Servir-Info 2000

Der Servir e.V. informiert

 Ein McChicken weniger die Woche
 Das hätte Lola sich nicht im Traum gedacht
 Rio hautnah
 Servir
 Pequeno Davi
 Quebra Guiada
 Nicht nur zugeschaut
 Zum Abschluss


Ein McChicken weniger die Woche,

am besten gar keines mehr, - so könnte das Fazit des Vortrags des Buchautors und Journalisten Siegfried Pater lauten. Im Mai dieses Jahres war er auf Einladung des Servir e.V. am Gymnasium Maria Königin und versuchte, in zwei engagierten Veranstaltungen die Schüler der Klassen 10 bis 12 ein wenig über die Zusammenhänge zu informieren, die man wissen sollte, wenn man eine der großen Fast Food-Ketten besucht.

"Kleine Kinder brauchen große Hilfe", so steht es in der McDonald’s Broschüre "Soziales Engagement 1999". Dass dieser "kinderfreundliche" Konzern die Plastikfiguren für seine weltweit vertriebenen Juniortüten von Vertragsfirmen in Asien bezieht, die Kinderarbeit unter unmenschlichen Bedingungen zulassen, das steht da nicht drin. Bis zu 16 Stunden täglich schuften Kinder unter unsäglichen Bedingungen und das für einen Hungerlohn von 24 Yuan pro Tag, etwa fünf Mark. Der größte Teil davon wird ihnen für schlechte Unterkunft und Ernährung wieder abgezogen. Siegfried Pater berichtete auch über die Abholzung von Tropenwäldern in Costa Rica, die großen Farmen für Fleischwolfrinder weichen mussten und über Soja aus Brasilien, das als Tierfutter für ihre Verwandten in Bayern dient. Das Land, das hier zur Gewinnoptimierung für einzelne Konzerne beansprucht wird, war der Lebensraum der Ureinwohner und kleiner Farmer, die ihre Familien in Subsistenzwirtschaft ernährten.
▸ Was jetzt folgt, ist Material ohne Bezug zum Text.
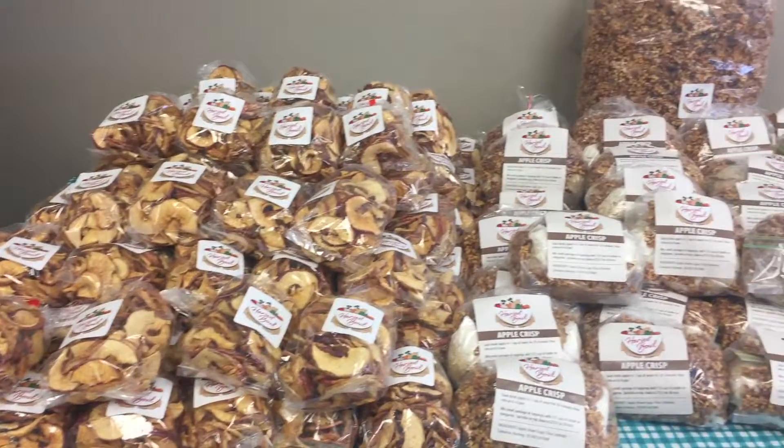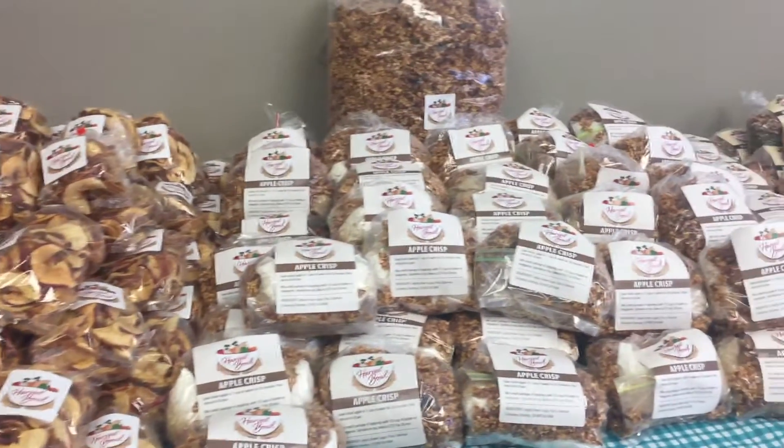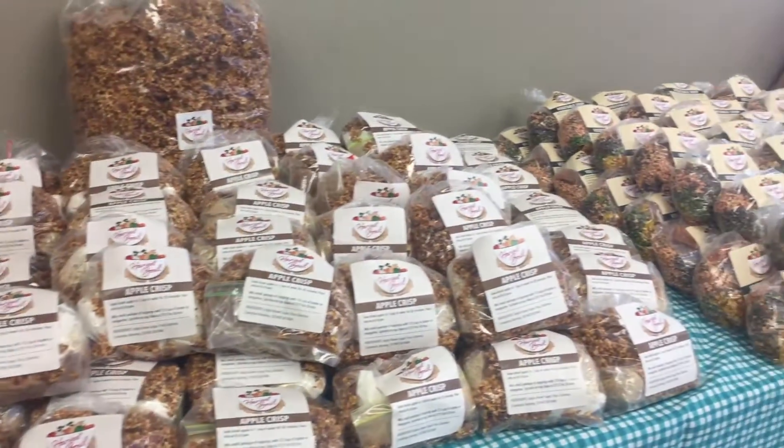So Harvest Bowl — the purpose of it is to be a modern day gleaning service, to be able to capture the food that could have been going to waste and be able to provide it to those in need.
Sie werden marginalisiert, an den Rand gedrängt. Die Beispiele zeigen, wie unsere Lebensgewohnheiten mit der Situation in der Dritten Welt zusammenhängen.


Das hätte Lola sich nicht im Traum gedacht,

dass unsere Schüler der Klassen 5-10 wirklich an ihre Grenzen gingen, als sie am 20. Juni in einem Staffellauf mit 210 Runden von jeweils 200 Metern den Weltrekord der Männer im Marathon um 15 Minuten, den der Frauen sogar um 18 Minuten unterboten. Doch das groß angelegte Ereignis war nicht nur in seinem sportlichen Ergebnis herausragend. Knappe zehn Wochen blieben, um das Projekt vom ersten Gedanken bis hin zu seiner Vollendung in den Stiel zu stoßen. Dabei entwickelte es - getragen von Schülern, Lehrern und der heimischen Presse - ein Eigenleben, das selbst die Initiatoren überraschte. Fast täglich konnte man den Fortgang der Ereignisse in der Presse verfolgen, eine Schlagzeile folgte der nächsten; www.servir.de war natürlich auch mit dabei. Fast täglich konnte man dort den aktuellen Stand der Wetten abrufen.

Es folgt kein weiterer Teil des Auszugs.